Focusing on the small things

I do hope that you are continuing to stay safe and are keeping well whilst we remain in lockdown.

Hopefully you will still be finding things to keep you occupied given that by now you have already cleaned your house from top to bottom, cleared your cupboards and have your gardens looking like show gardens. Perhaps some of you have got on board with the fish project and by now have knitted, crocheted, carved, painted and quilted fish ready for the exhibition which we hope to hold at some point in the future (even if we can’t put a date on it yet).

One of the things I like to do in my spare time is to take photographs and given that, in my opinion, we live in one of the prettiest counties in the UK I spend a lot of my free time in the Forest, the Cotswolds, in and around Tewkesbury, or on the riverbanks of the Severn or the Wye indulging in this hobby. I don’t claim to be a professional photographer, I don’t even have a camera! I simply use my iPhone and snap away at whatever looks good to me. Of course lockdown has put a stop to all of that but then I remembered that back in the winter I bought a macro lens for my iPhone camera which I’d forgotten about.

Such a lens would mean that I could switch my focus to taking pictures of tiny things and that would mean I needn’t go beyond my back garden to get some great shots. So I dug out said lens and turned my attention to photographing insects and tiny buds, new green shoots, tiny hairs on catkins and the fuzzy fur of bumblebees; all of which are being coaxed out by the warm spring sunshine that we’re all enjoying at the moment.

I became totally absorbed by the wonders contained in this tiny world! I was in awe of God’s creative genius as much at work in the tiny back legs of a bumblebee carrying pouches of pollen as it is in a glorious sunset forming backdrop to Lydney Harbour.
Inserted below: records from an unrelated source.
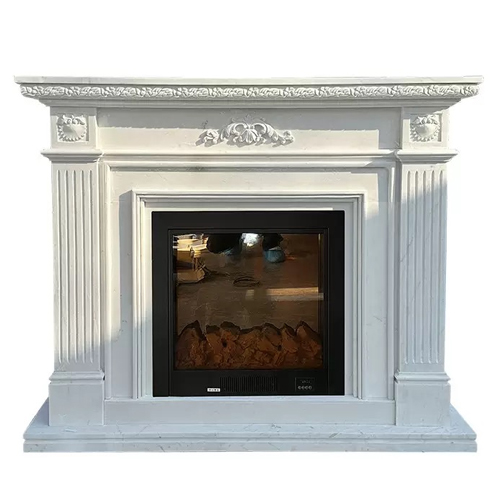 liguria marble fireplace mantel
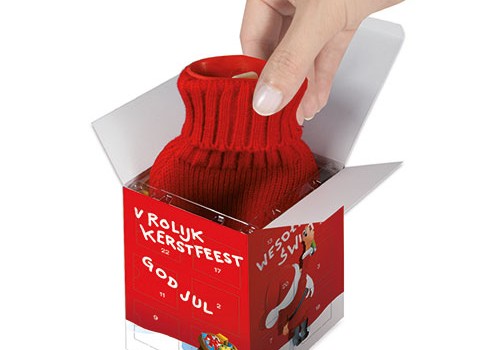 Adventní kalendář v podobě krabičky s prostorem na dáreček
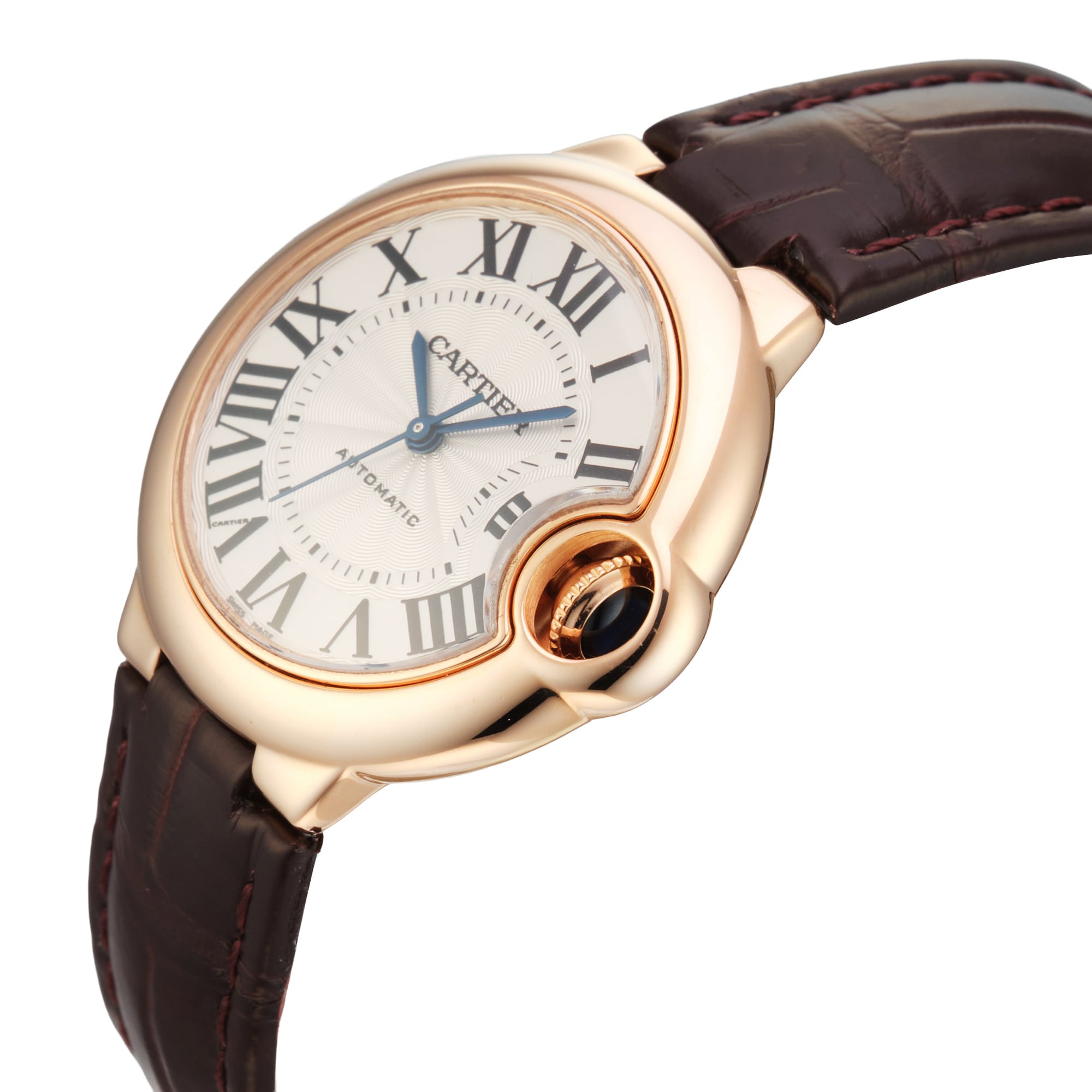 Pre-Owned Cartier Ballon Bleu De 33mm Rose Gold Pre-Owned Cartier Ballon Bleu De 33mm Rose Gold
Once again I was reminded of the words of the beloved hymn writer Isaac Watts which I shared in a post for Crosspoint last year; so well does he capture this theme that it is worth repeating:

‘Meditation on the First of May’ – Isaac Watts

‘What an exquisite world of wonders is complicated even in the body of every little insect – an ant, a gnat a mite, that is scarce visible to the naked eye. Admirable engines! which a whole academy of philosophers could never contrive – which the nation of poets has neither art nor colours to describe – nor has a world of mechanics skill enough to frame the plainest or coarsest of them.
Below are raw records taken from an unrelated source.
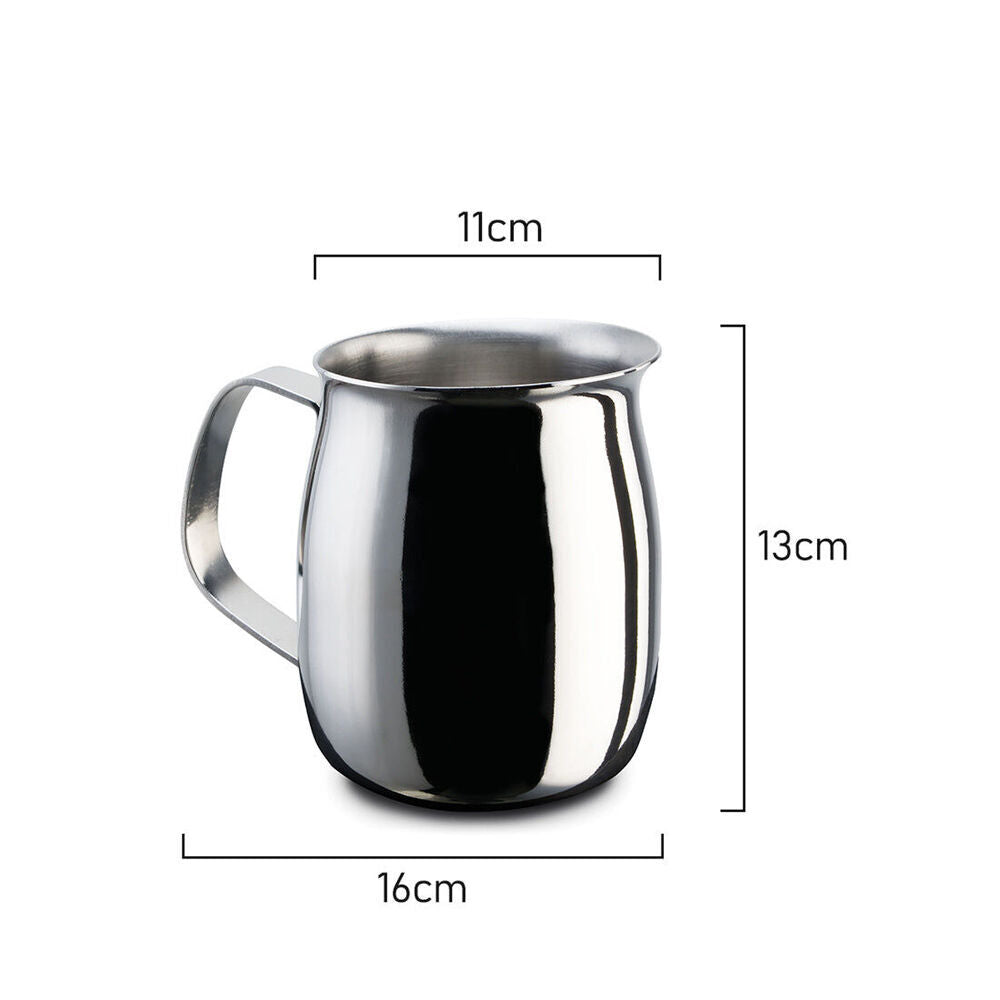 Pezzetti 9 Cup Milk Pot Stainless Steel Frothing/Serving Coffee Accessory (2 Pack) — image 3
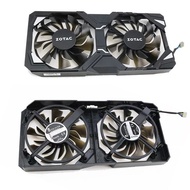 2 pcs/lot 4 pin cooler fan replacement for Zotac GTX 1060 GTX960 GTX950 graphics card cooling fan GT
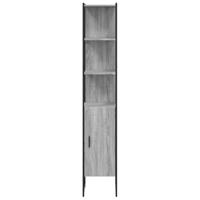 Badkamerkast 33x33x185,5 cm bewerkt hout grijs sonoma eiken - thumbnail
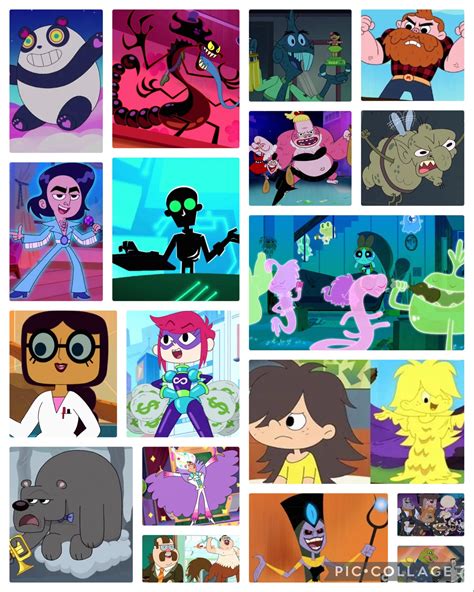 The 2016 Powerpuff Girls Villains Collage by nakuuro on DeviantArt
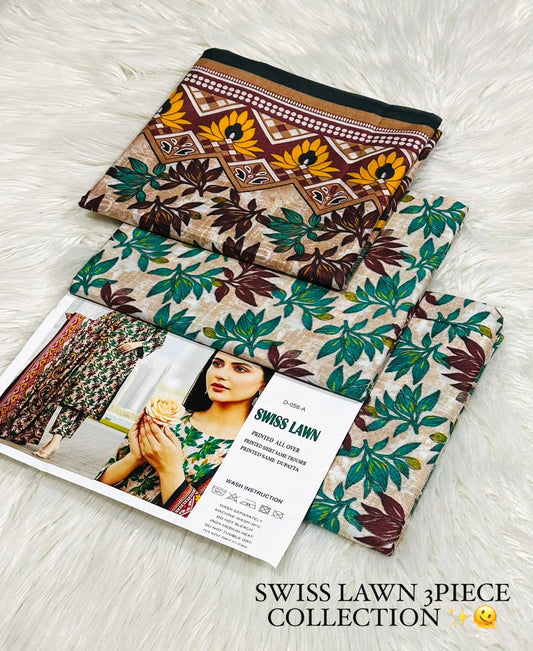 Aafreen Swiss Lawn 3-Piece Printed Collection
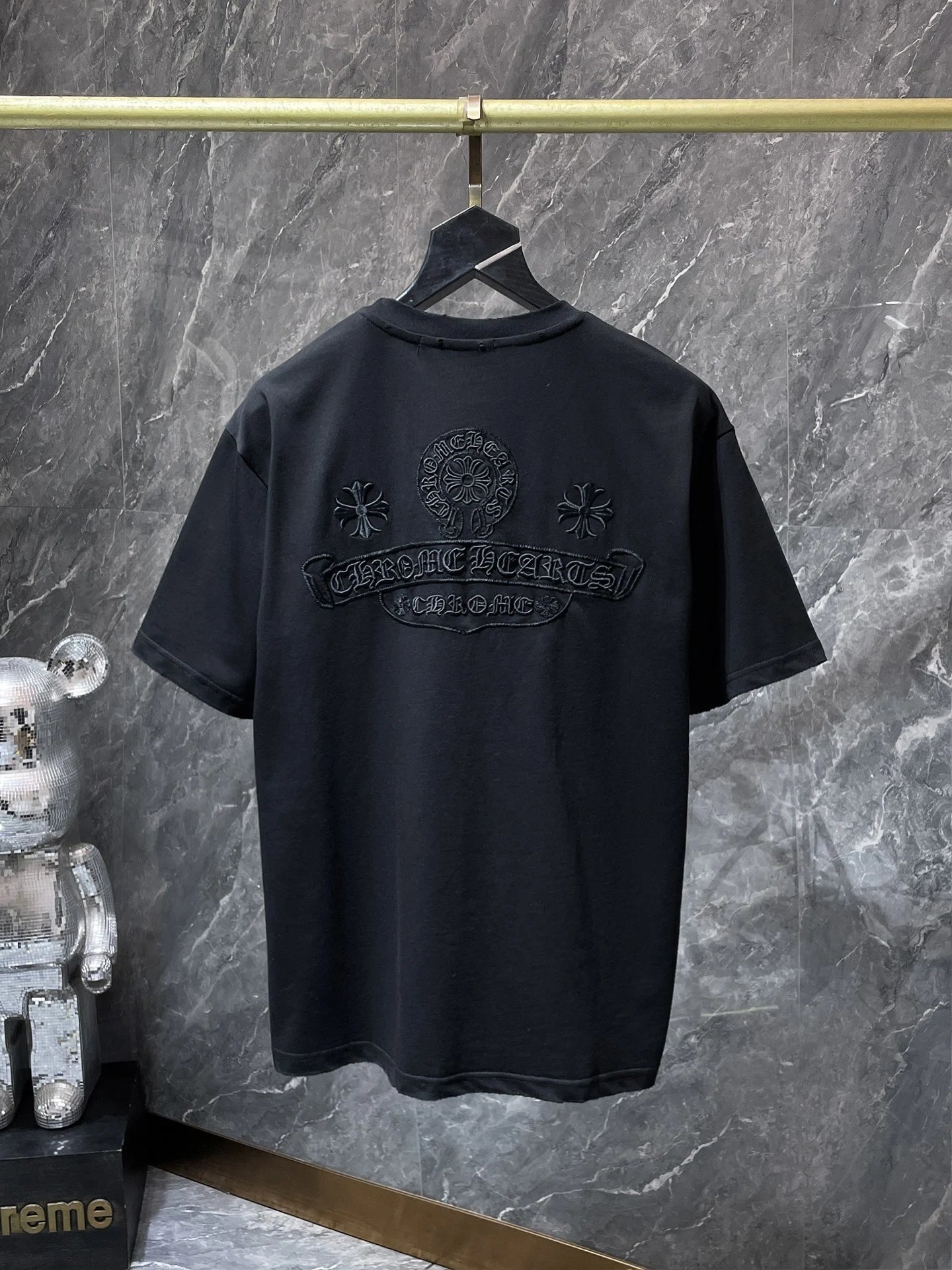 Chrome Hearts Embroidered Circle Logo White T-Shirt - 7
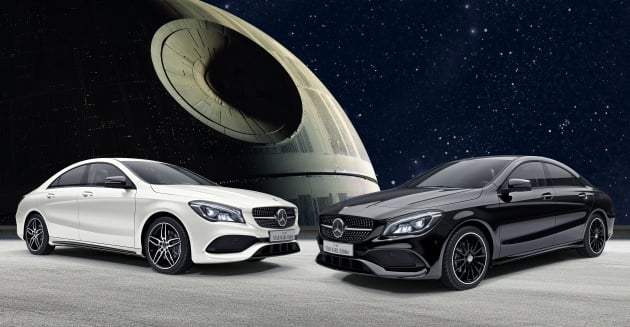 Mercedes-Benz CLA 180 Star Wars Edition – hanya 120 unit, hitam dan putih, dibina khas untuk pasaran Jepun
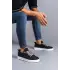 Cool Bağcıklı Keten Erkek Günlük Spor Klasik Siyah Ayakkabı
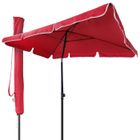 VOUNOT® Parasol inclinable rectangulaire 200x125cm rouge - Hauteur et angles ajustables - Housse de protection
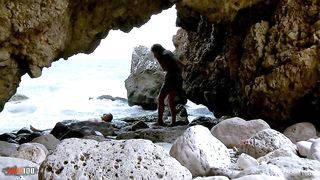 Anal sex by the sea with the beautiful French slut Marie Clarence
Their nerves, their muscles and the minute atoms which compose the fluids fit to run in the little channels of their veins, escape the notice of the most sagacious mathematician, with all his aid of glasses. The active powers and curiosity of human nature are limited on their pursuit and must be content to lie down in ignorance.
It is a sublime and constant triumph over all the intellectual powers of man which the great God maintains every moment in the inimitable works of nature – in these impenetrable recesses and mysteries of divine art.’ Isaac Watts

May this time be for you one in which you too see the wondrous works of God in the minute worlds that inhabit our patios as well as in the stars that shine out on crystal clear nights from across our Galaxy.